> _Task directions_:
With the pictures removed, reproduce exactly the lines from the one that contains "Effects of vaping on dentures." through the last line of the entries below.

> _Study material_:
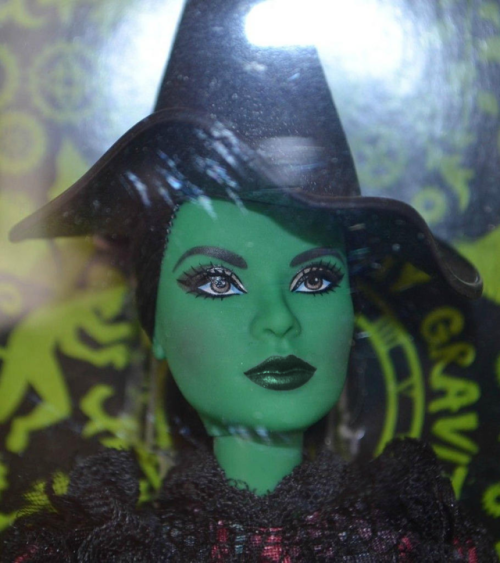 dollsahoy:oak23:Okay I think I can live with Elphaba if her...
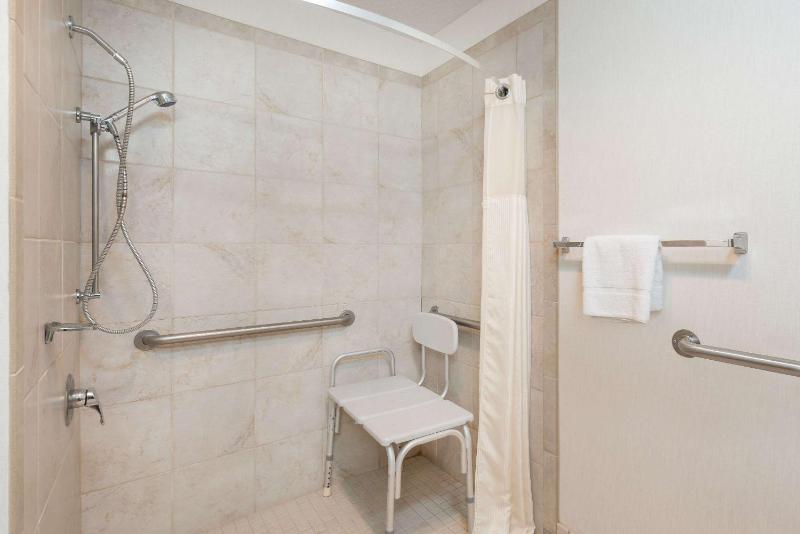 King Room - Disability Access/Non-Smoking image 2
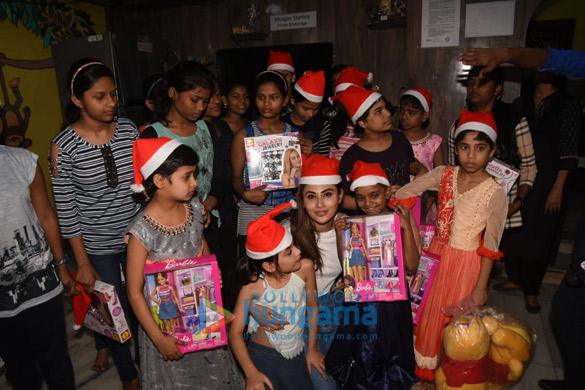 photos mouni roy celebrates christmas with kids at an ngo 6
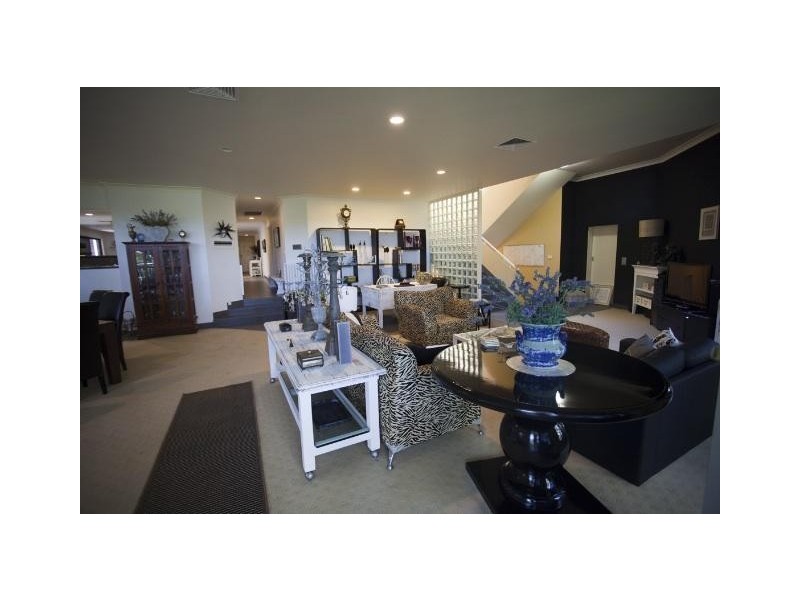 11 Bellara Street, Ashmore QLD 4214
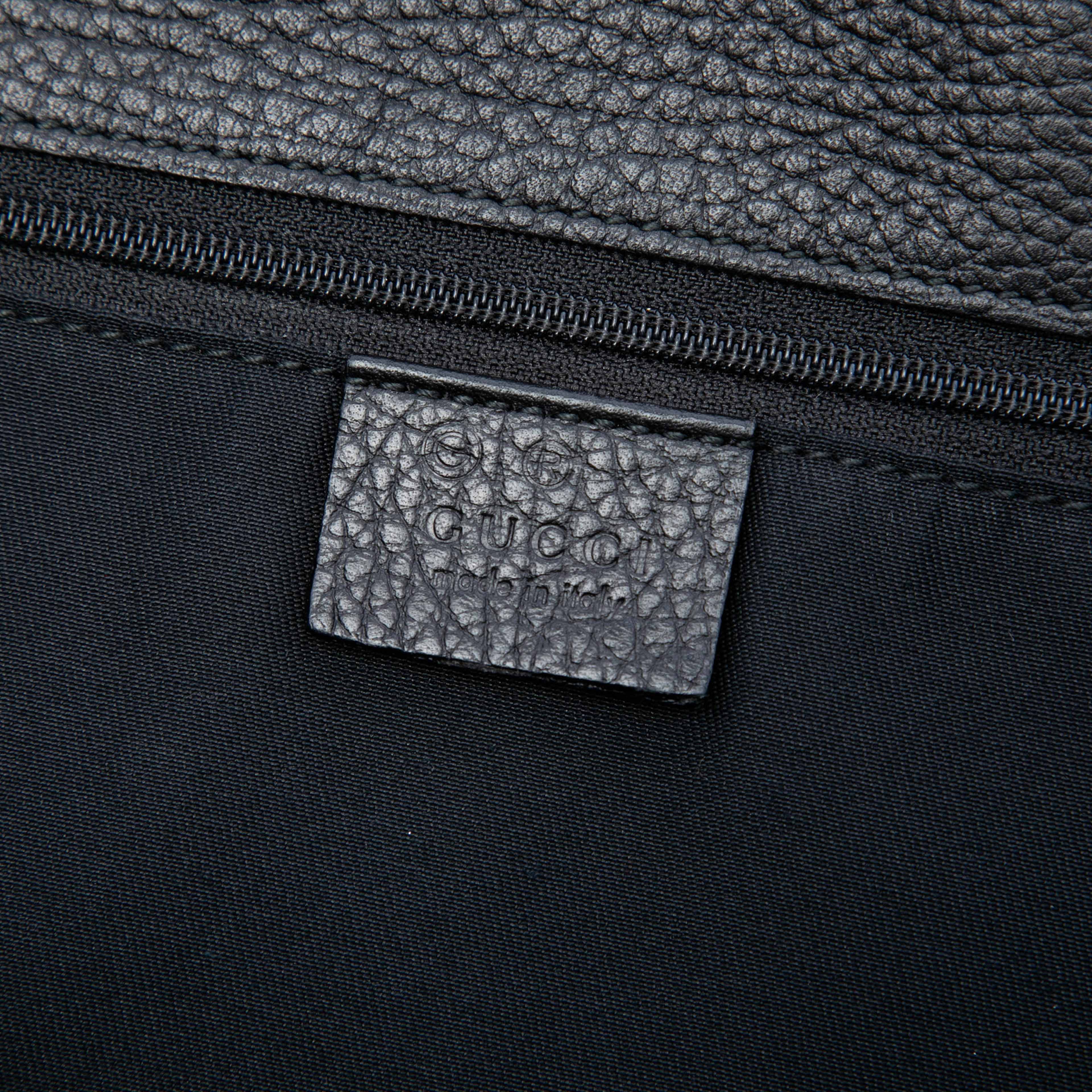 Gucci Gg Canvas Tote, från Luxclusif, i färgen black. Klicka för att öppna bilden i stort format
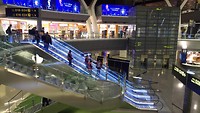 Op weg naar de gate in Doha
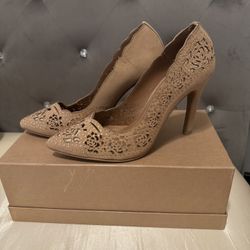  Beige Heels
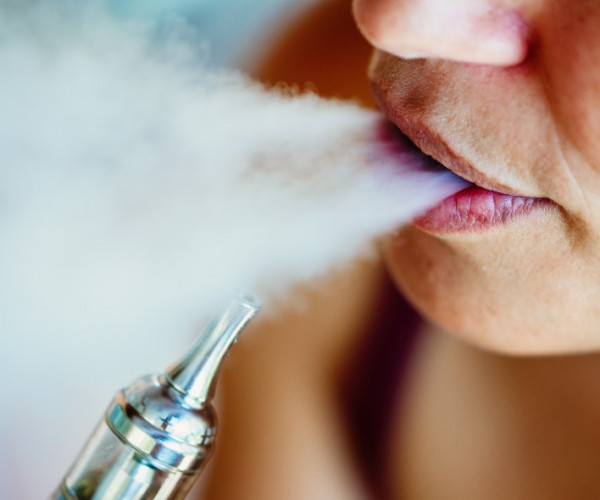 Effects of vaping on dentures.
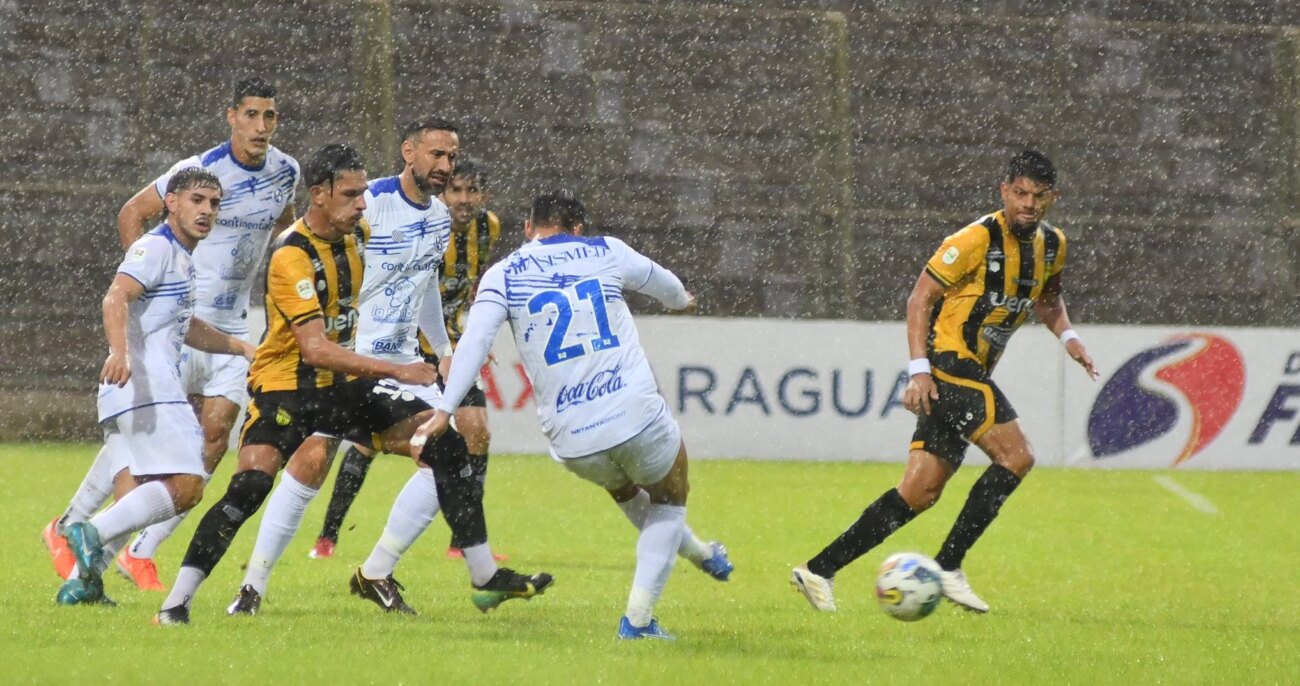 Sol gana un partido clave, sigue respirando y entierra a Guaraní de Fram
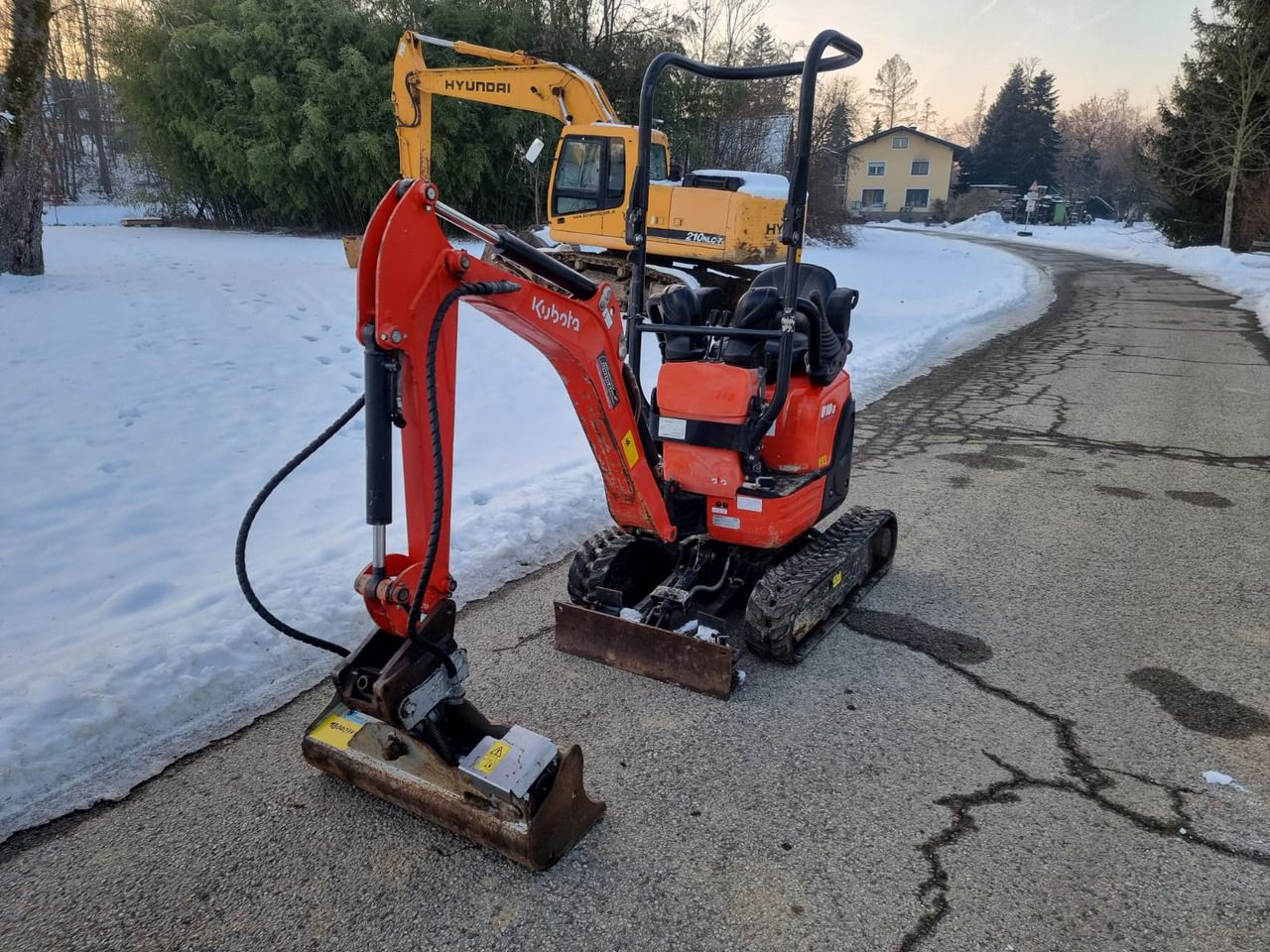 2017 Kubota U10-3 mini excavator, front three-quarter view 2017 Kubota U10-3 mini excavator, front three-quarter view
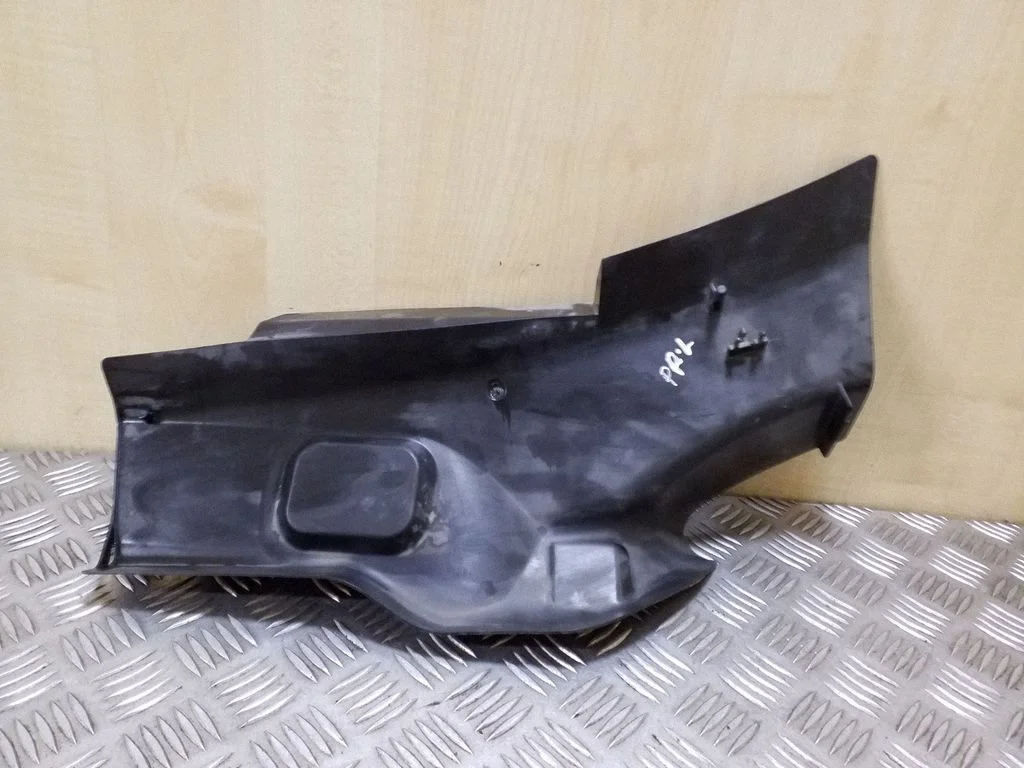 Kita variklio skyriaus detalė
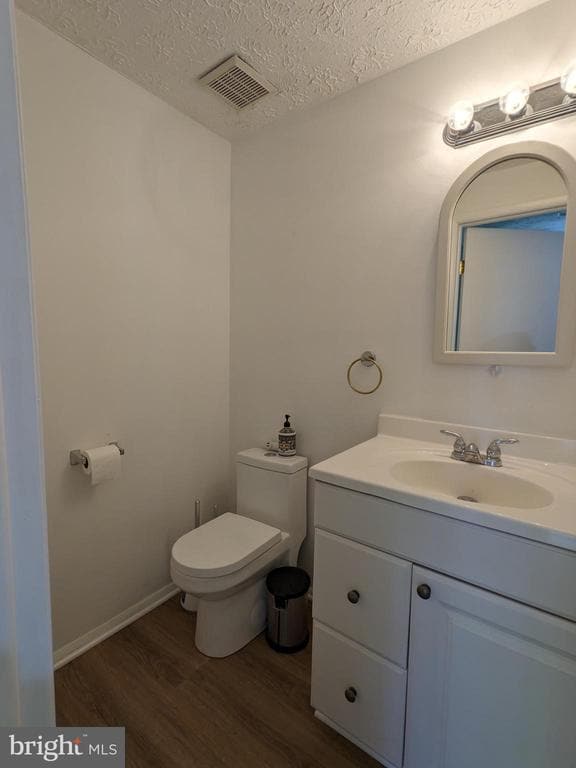 Building Photo - 2996 Paddock Wood Ct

> _Your solution_:
 Effects of vaping on dentures.
 Sol gana un partido clave, sigue respirando y entierra a Guaraní de Fram
 2017 Kubota U10-3 mini excavator, front three-quarter view 2017 Kubota U10-3 mini excavator, front three-quarter view
 Kita variklio skyriaus detalė
 Building Photo - 2996 Paddock Wood Ct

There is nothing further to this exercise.